▶ _ACTION ITEM_:
Repeat the listing that follows, character for character, minus the pictures.

▶ _DATASET SECTION_:
=== Begin Enclosure ===

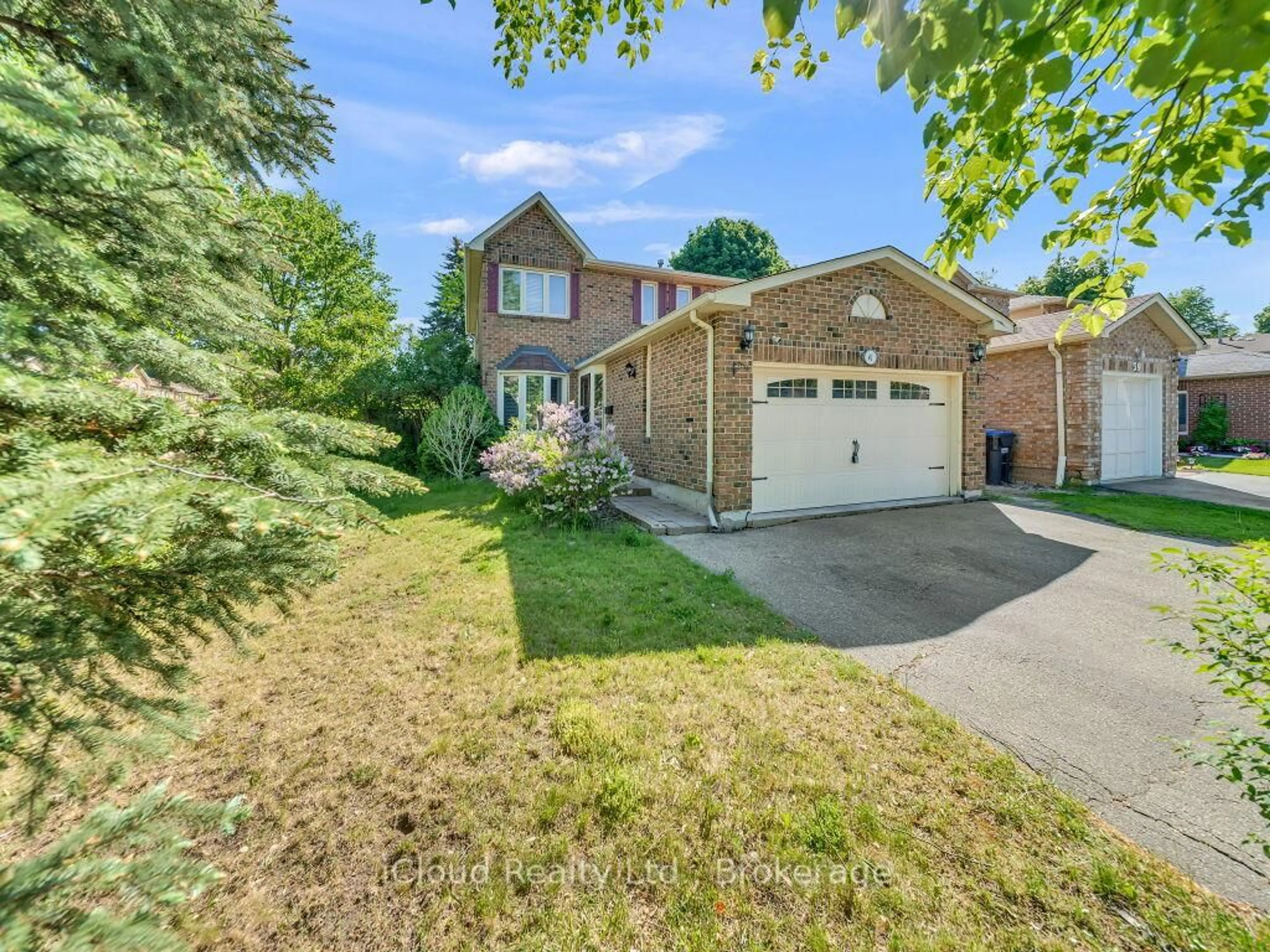 A pic from outside/outdoor area/front of a property/back of a property/a pic from drone, street for 41 Mount Pleasant Dr, Brampton Ontario L9Z 2P3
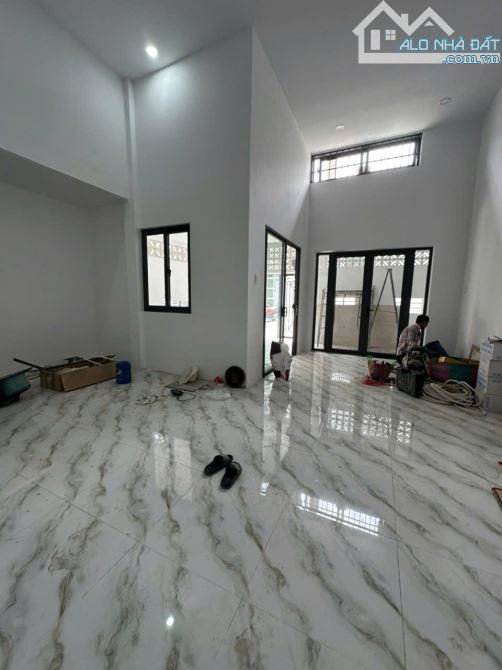 PHAI 6 💖💖Em cần bán căn nhà hẻm oto cách đường lê hồng phong chỉ 80 mét💖💖  ♻️Nhà 2 mặt - 3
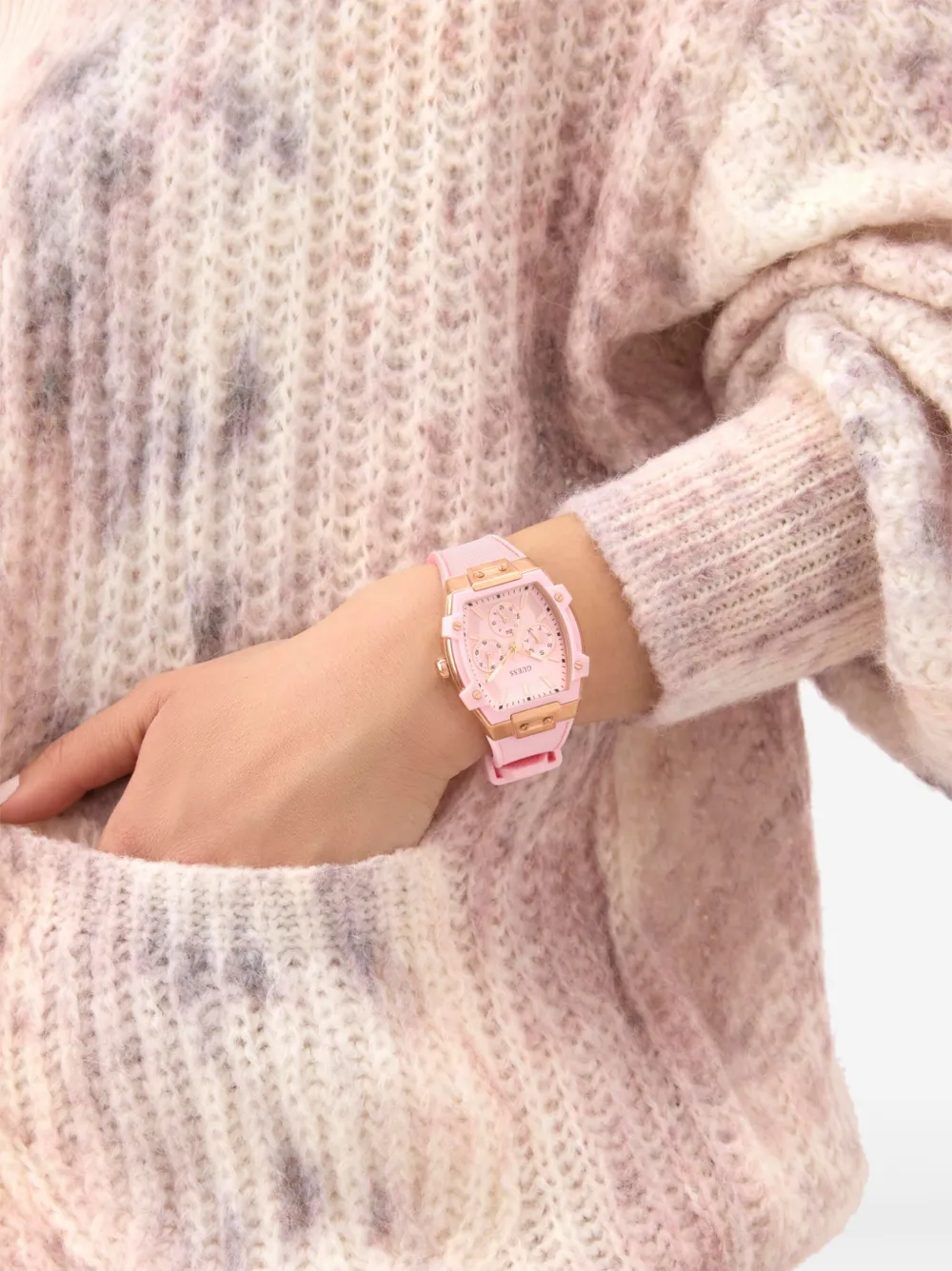GUESS USA Silicone Strap Rose Gold Square Case 38 mm - Roze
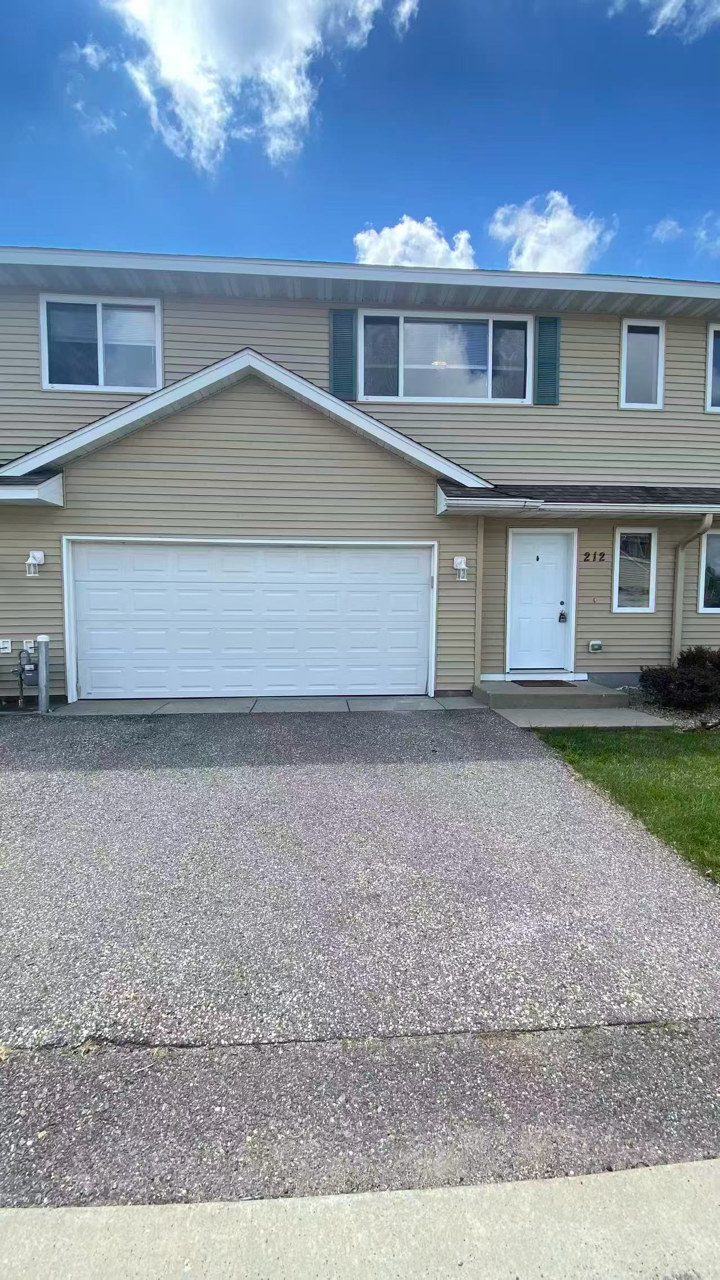 212 Tanager Pa, Mankato, MN 56001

=== End Enclosure ===

▶ _WRITTEN SOLUTION_:
 A pic from outside/outdoor area/front of a property/back of a property/a pic from drone, street for 41 Mount Pleasant Dr, Brampton Ontario L9Z 2P3
 PHAI 6 💖💖Em cần bán căn nhà hẻm oto cách đường lê hồng phong chỉ 80 mét💖💖  ♻️Nhà 2 mặt - 3
GUESS USA Silicone Strap Rose Gold Square Case 38 mm - Roze
 212 Tanager Pa, Mankato, MN 56001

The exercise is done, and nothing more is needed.